Swin Transformer with Auxiliary Mask Supervision for Stroke Lesion Segmentation in Brain MRI

Authors

  • Batyrkhan Omarov Narxoz University, Almaty, Kazakhstan; International Information Technology University, Almaty, Kazakhstan; Al-Farabi Kazakh National University, Almaty, Kazakhstan https://orcid.org/0000-0002-8341-7113
  • Zhanseri Ikram Narxoz University, Almaty, Kazakhstan https://orcid.org/0009-0001-8059-6590

DOI:

https://doi.org/10.3991/ijoe.v21i14.57029

Keywords:

Brain stroke, Swin transformers, Weakly supervision, MRI Imaging, Medical Image Segmentation, Image Segmentation, , Deep Learning, Vision Transformer

Abstract


Accurate segmentation of stroke lesions in brain magnetic resonance imaging (MRI) is critical for early diagnosis and effective intervention. Existing convolutional neural networks (CNNs) have shown promising results but often struggle with global contextual reasoning and generalization in the presence of small, diffuse, or anatomically variable lesions. To address these limitations, we introduce a novel segmentation framework that integrates a Swin Transformer backbone with an auxiliary supervision mechanism based on bounding box-derived pseudo masks.

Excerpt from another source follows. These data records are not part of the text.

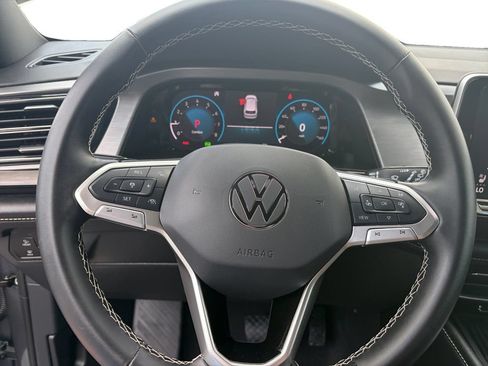 Certified 2025 Volkswagen Atlas Cross Sport SE FWD image 21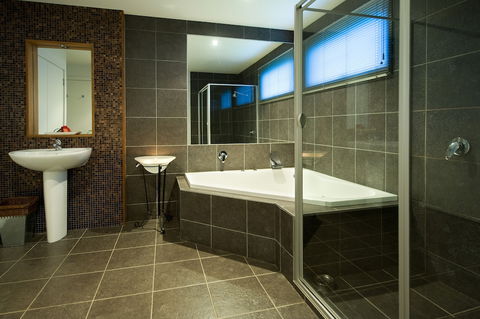 Alofi - Rent Accommodation 6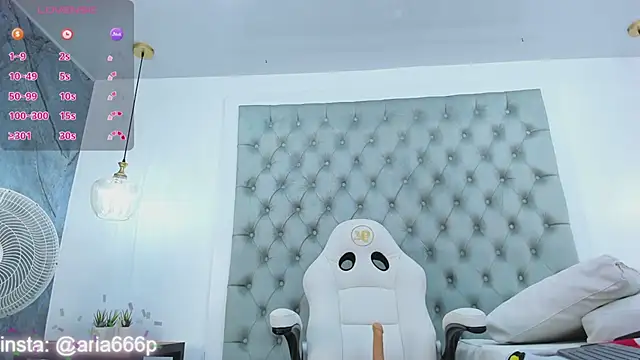 Snapshot of aria_paul chatting on March 13, 5:18 pm aria paul online show from March 13, 5:18 pm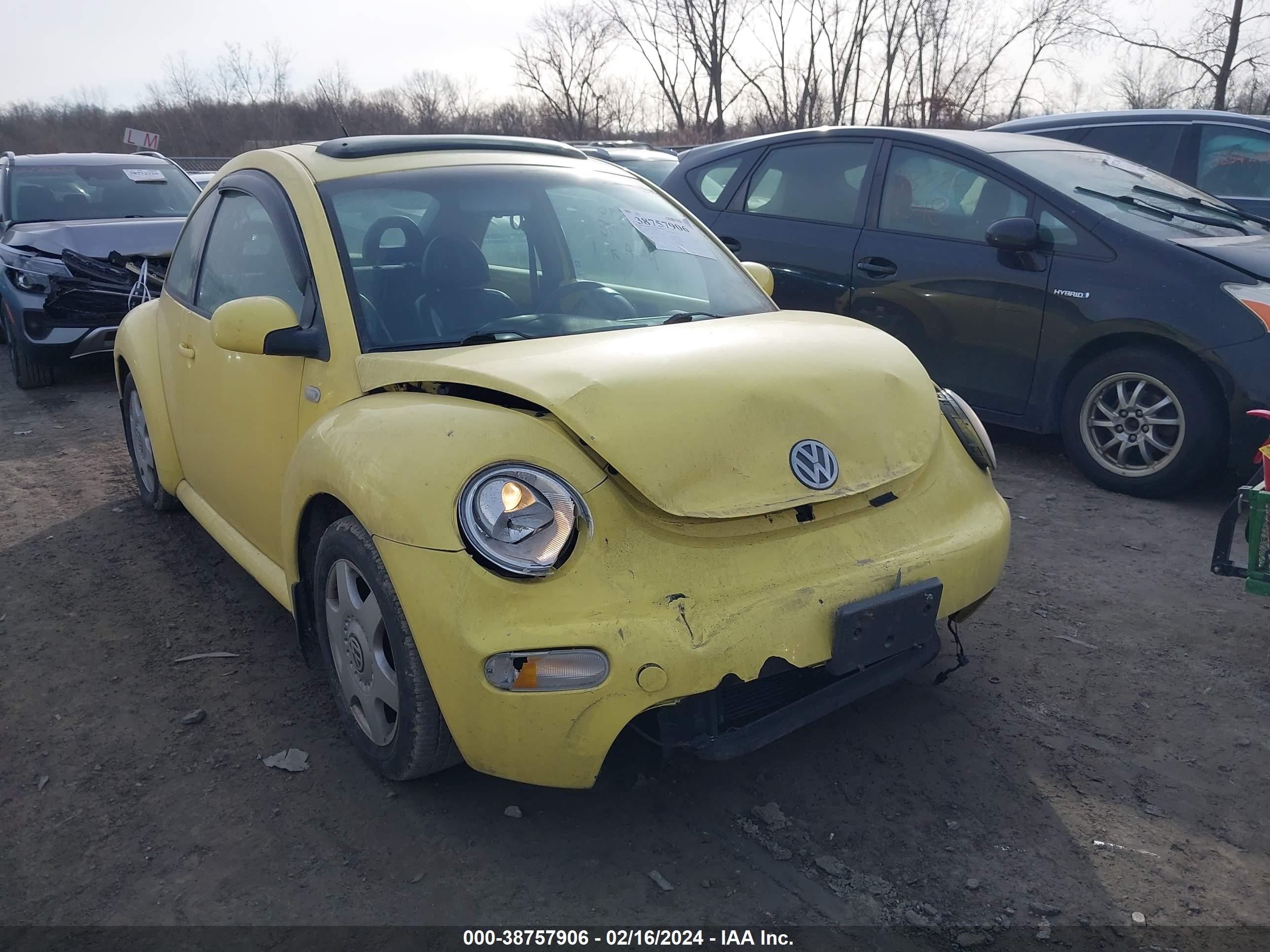 VOLKSWAGEN BEETLE 2001 3vwcs21c71m417610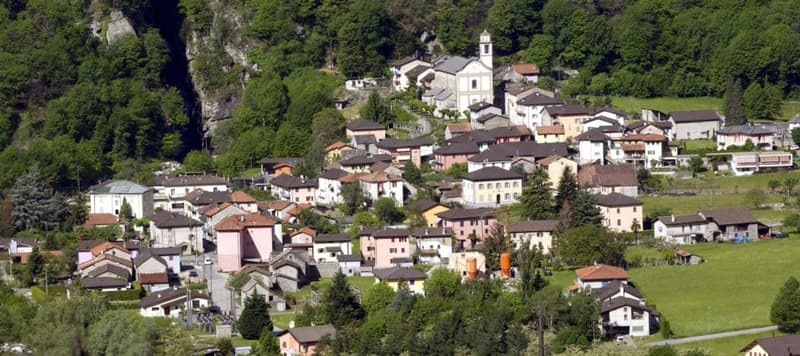 Villa Il Nido 2 - 3 piani - il tuo angolo di pace a Lodrino (9)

Unlike prior transformer-based models that rely solely on end-to-end attention, our method introduces intermediate supervision via an auxiliary branch, which guides early layers to focus on lesion-relevant regions using weak annotations. This dual-path strategy enhances spatial representation learning while mitigating the annotation burden typically required for full supervision. Evaluated on the ISLES 2024 dataset, one of the most challenging benchmarks for ischemic lesion segmentation, the proposed model achieves superior performance in dice similarity, precision, and recall when compared to recent state-of-the-art CNN and vision transformer architectures. Qualitative results further highlight its robustness in capturing diverse lesion morphologies. By combining weak supervision with transformerbased learning, our approach contributes a scalable and annotation-efficient solution to neuroimaging, advancing the field of automated stroke diagnosis with improved accuracy and clinical feasibility.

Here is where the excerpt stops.